Case ID: f-appx_125/html/0203-02.html
Source: Caselaw Access Project
Author: {"author": "", "license": "Public Domain", "url": "https://static.case.law/"}
Date Created: 2024-08-24T03:29:51.129683

Imelda ROMO DE SALAS; Edgar Jesus Salas-Romo; Nallely Gisela Salas-Romo, Petitioners, v. Alberto GONZALES, Attorney General, Respondent.
    No. 02-71006.
    United States Court of Appeals, Ninth Circuit.
    
      Submitted April 4, 2005.
    
    Decided April 11, 2005.
    Gary Finn, Esq., Attorney at Law, Indio, CA, for Petitioners.
    Ronald E. LeFevre, Chief Counsel, Office of the District Counsel, San Francisco, CA, Linda S. Wendtland, Esq., U.S. Department of Justice, Civil Div./Office of Immigration Lit., Washington, DC, for Respondent.
    Before: KOZINSKI, HAWKINS and CLIFTON, Circuit Judges.
    
      
       Alberto Gonzales is substituted for his predecessor, John Ashcroft, as Attorney General of the United States, pursuant to Fed. R.App. P. 43(c)(2).
    
    
      
      The panel unanimously finds this case suitable for decision without oral argument. See Fed. R.App. P. 34(a)(2).
    
   MEMORANDUM

Imelda Romo de Salas, Edgar Jesus Salas-Romo and Nallely Gisela Salas-Romo, natives and citizens of Mexico, petition for review of the Board of Immigration Appeals’ (“BIA”) dismissal of their appeals from an immigration judge’s (“IJ”) denial of their applications for cancellation of removal. We dismiss the petition for review for lack of jurisdiction.

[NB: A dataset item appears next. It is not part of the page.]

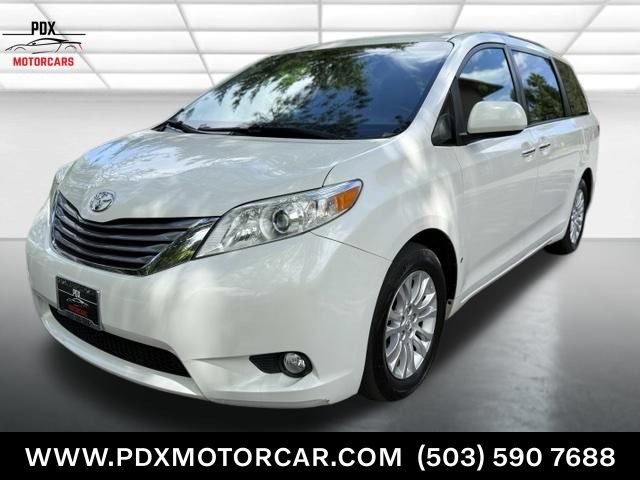 Used 2017 Toyota Sienna XLE Premium FWD image 1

The IJ denied cancellation for failure to demonstrate hardship and the period and for failure to demonstrate continuous physical presence, and the BIA summarily affirmed. Petitioners contend they established ten years of continuous physical presence, they received ineffective assistance of council and their due process rights were violated when the BIA failed to remand their case to the IJ. We lack jurisdiction to consider any of these eontentions because the petitioners failed to raise them before the BIA and, thus, failed to exhaust their administrative remedies. See Zara v. Ashcroft, 383 F.3d 927, 931 (9th Cir.2004).

PETITION FOR REVIEW DISMISSED. 
      
       This disposition is not appropriate for publication and may not be cited to or by the courts of this circuit except as provided by Ninth Circuit Rule 36-3.